→ **To do**: For this exercise, return only the lines in the records below from the one holding "Amsterdam 29 mei 2018" through the one holding "new 2025 Jeep Compass car, priced at $27,510", including both, exactly as they appear and without pictures.

→ **Given data**:
########################################

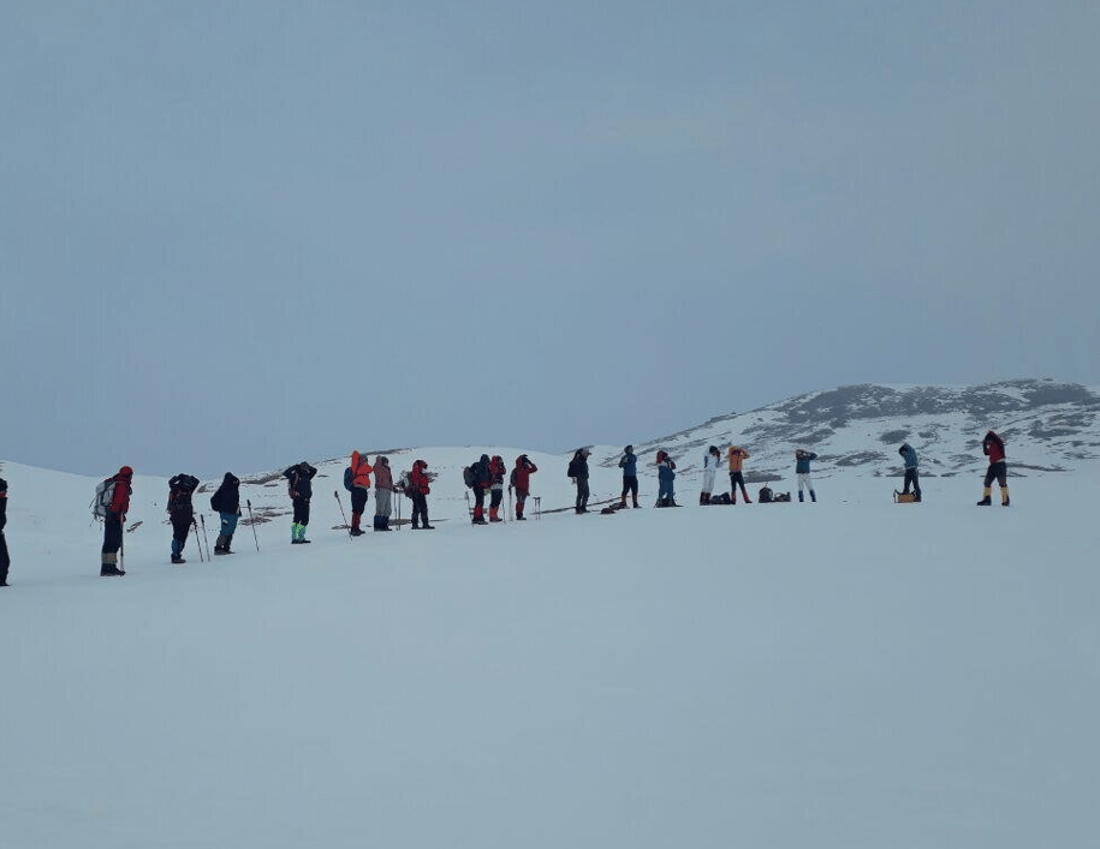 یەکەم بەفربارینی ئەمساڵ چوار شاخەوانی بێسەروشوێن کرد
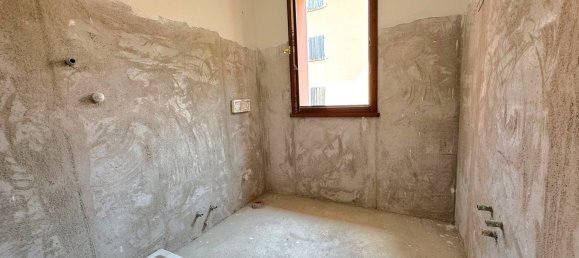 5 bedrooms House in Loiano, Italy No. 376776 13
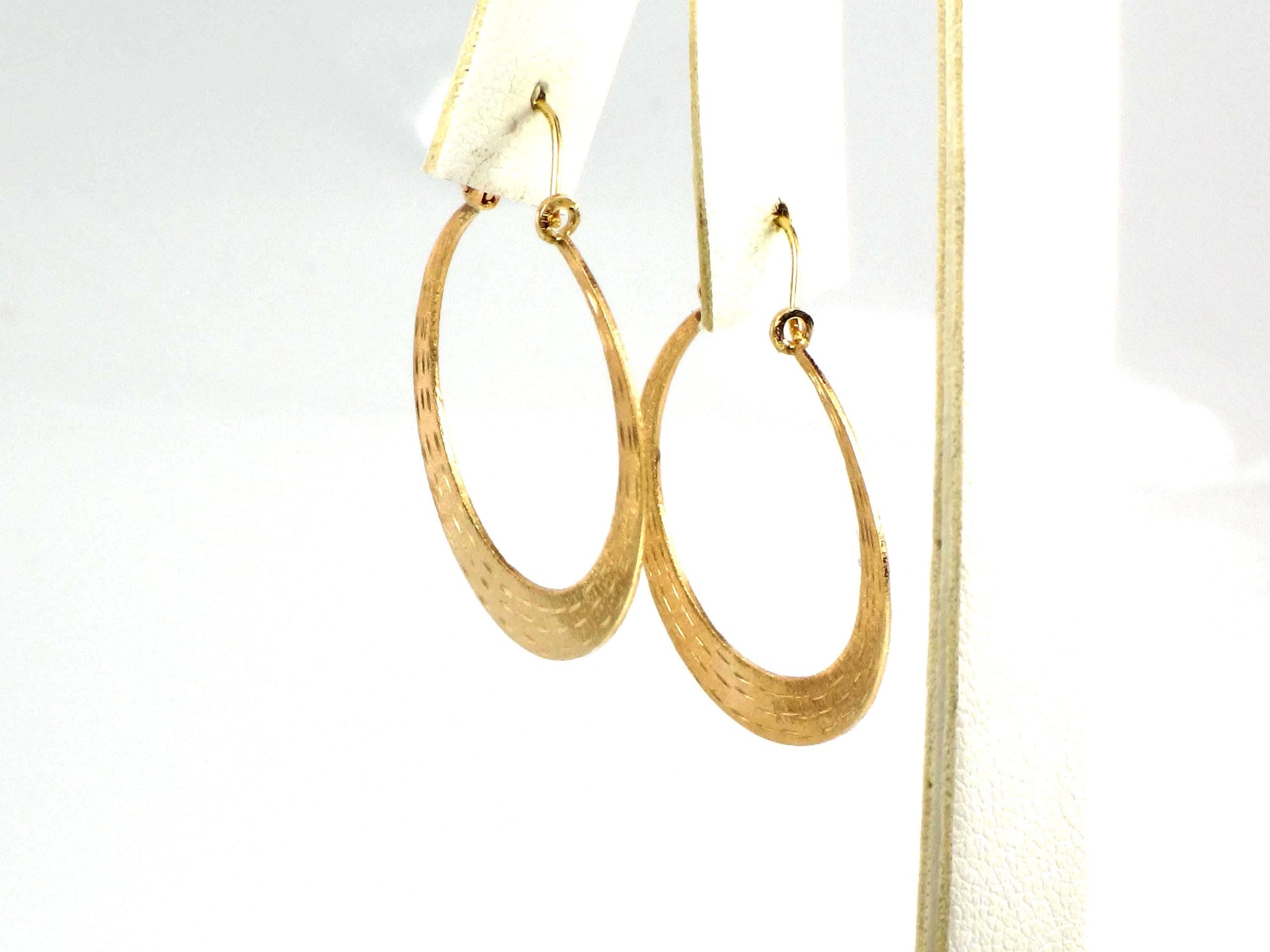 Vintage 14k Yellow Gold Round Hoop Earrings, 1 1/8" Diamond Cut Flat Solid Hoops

########################################

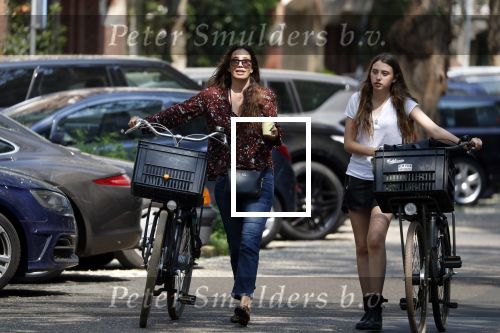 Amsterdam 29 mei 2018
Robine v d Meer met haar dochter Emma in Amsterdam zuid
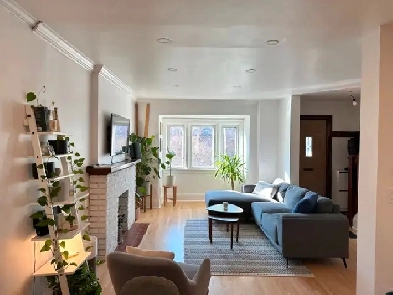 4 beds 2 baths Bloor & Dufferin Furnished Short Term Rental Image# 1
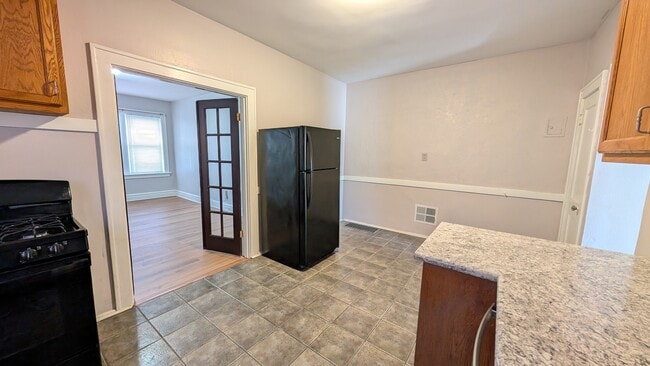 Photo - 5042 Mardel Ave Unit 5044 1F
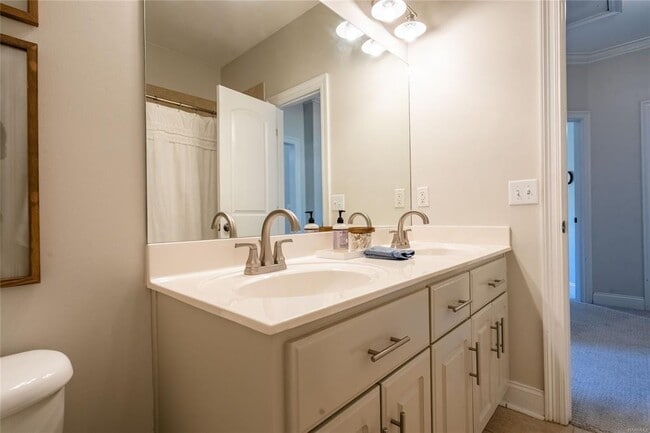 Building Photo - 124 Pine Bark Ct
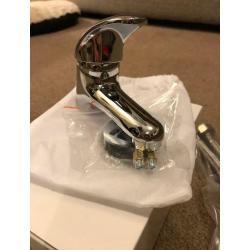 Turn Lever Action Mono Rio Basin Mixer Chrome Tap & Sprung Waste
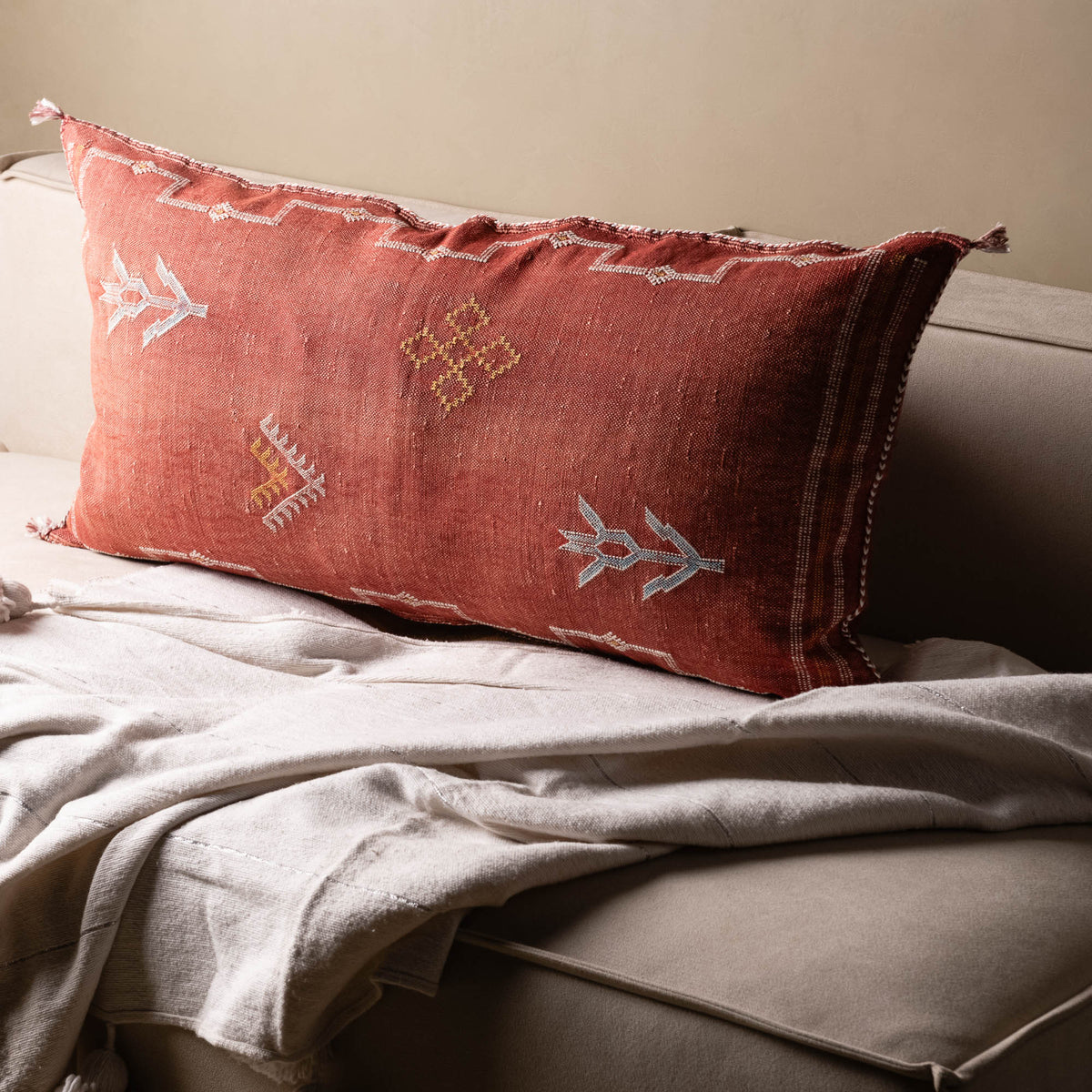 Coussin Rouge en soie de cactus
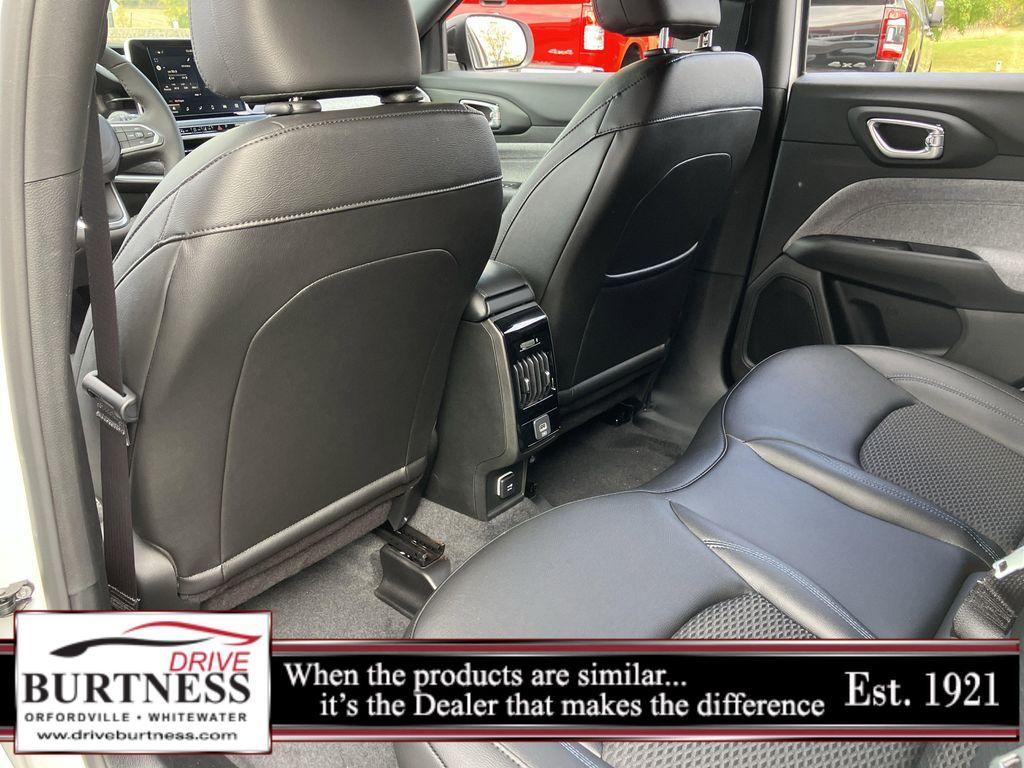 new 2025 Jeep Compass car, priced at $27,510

########################################

→ **Answer to the exercise**:
 Amsterdam 29 mei 2018
Robine v d Meer met haar dochter Emma in Amsterdam zuid
 4 beds 2 baths Bloor & Dufferin Furnished Short Term Rental Image# 1
 Photo - 5042 Mardel Ave Unit 5044 1F
 Building Photo - 124 Pine Bark Ct
 Turn Lever Action Mono Rio Basin Mixer Chrome Tap & Sprung Waste
 Coussin Rouge en soie de cactus
 new 2025 Jeep Compass car, priced at $27,510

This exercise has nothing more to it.